Squire — games as situated practice
Squire argues that the central pedagogic value of games is not the content they deliver but the situations they construct (Squire, 2011). A player does not learn about coal by reading that coal is polluting; they learn about coal by holding three coal plants in round 9 when an opponent plays Net Zero Movement and the tolls those plants earn are suddenly halved while solar tolls double overhead. That situated knowledge — knowing what coal costs you when the rules change — is qualitatively different from declarative knowledge that coal is polluting.

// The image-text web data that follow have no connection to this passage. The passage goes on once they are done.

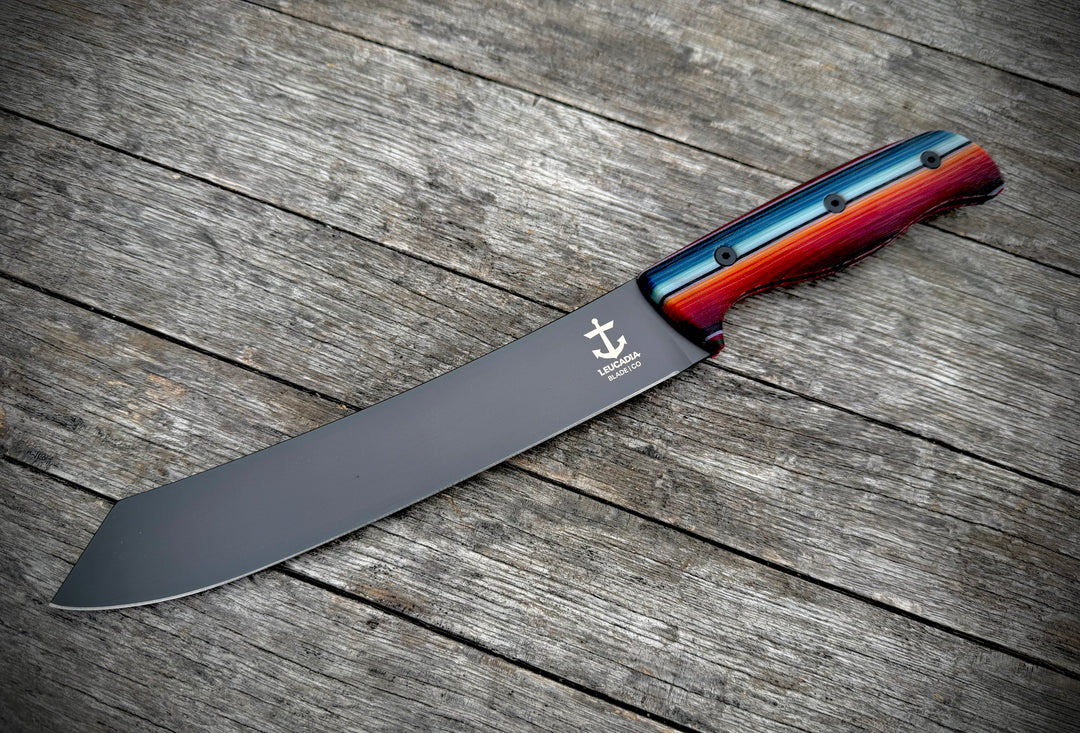 The Marlin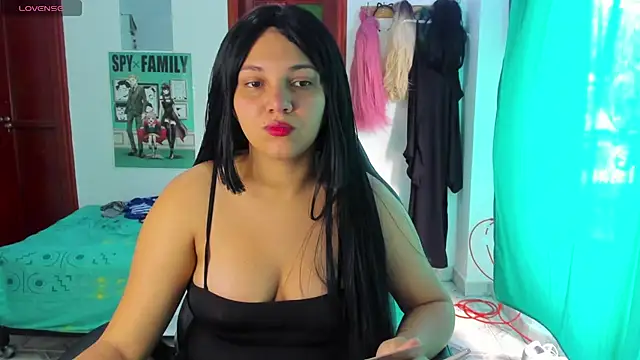 Snapshot of MaoMaoLa chatting on 10/26/25, 07:42 MaoMaoLa online show from 10/26/25, 07:42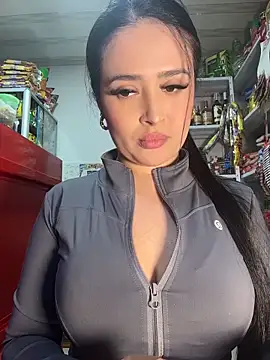 Sara_fun's Webcam Show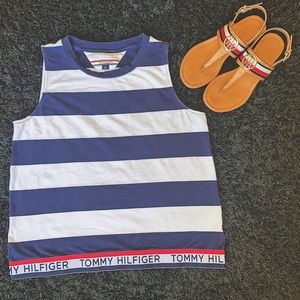 Tommy Hilfiger Top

Watts and Wealth instantiates situated practice through its facility-cost system. A coal plant has a deterministic cost, output, and pollution row in the rule sheet, but the meaning of that row shifts every time a policy card hits the table. When Plastic Ban Enacted subtracts a flat ten from global pollution, when Solar Panel Oversupply makes the very next solar build five tokens cheaper, when Nuclear Treaty Signed discounts the next nuclear plant by fifteen — the player’s planned build queue is repriced in real time. Reading those repricings as they happen is what Squire calls participatory practice.
Gee — the design principles
Gee identifies 36 learning principles embedded in well-designed games (Gee, 2003). A subset is particularly load-bearing for a hot-seat turn-based simulation:
- Identity principle — players inhabit a role (the empire builder) consistent enough to support investment.
- Practice principle — the system rewards repeated engagement across many turns rather than a single optimal move.
- Probing principle — players hypothesize, act, observe consequence, and rethink (the Kolb loop, expressed in design vocabulary).
- Distributed principle — knowledge lives in the game system, the cards, and the other players, not solely in any one head.
- Cross-functional principle — the same problem (rising pollution) demands token, facility, policy, and reactive-card responses simultaneously.
The hot-seat configuration in Watts and Wealth makes the Distributed and Cross-functional principles especially strong. A player cannot solve the pollution problem with their own facility portfolio alone — co-operative wins under the Renewable Pathway require coordinated decisions across all four seats. That distributes the cognitive load and forces cross-functional reasoning across token strategy, facility planning, and policy posture.
The modern evidence base
Plass, Homer, and Kinzer’s foundational review consolidates a decade of game-based-learning research into four dimensions: cognitive, motivational, affective, and sociocultural (Plass, 2015). The strongest evidence is for the cognitive dimension when game mechanics are explicitly aligned with learning objectives — exactly the alignment Watts and Wealth attempts between cards/facilities/endings and the SDG framework.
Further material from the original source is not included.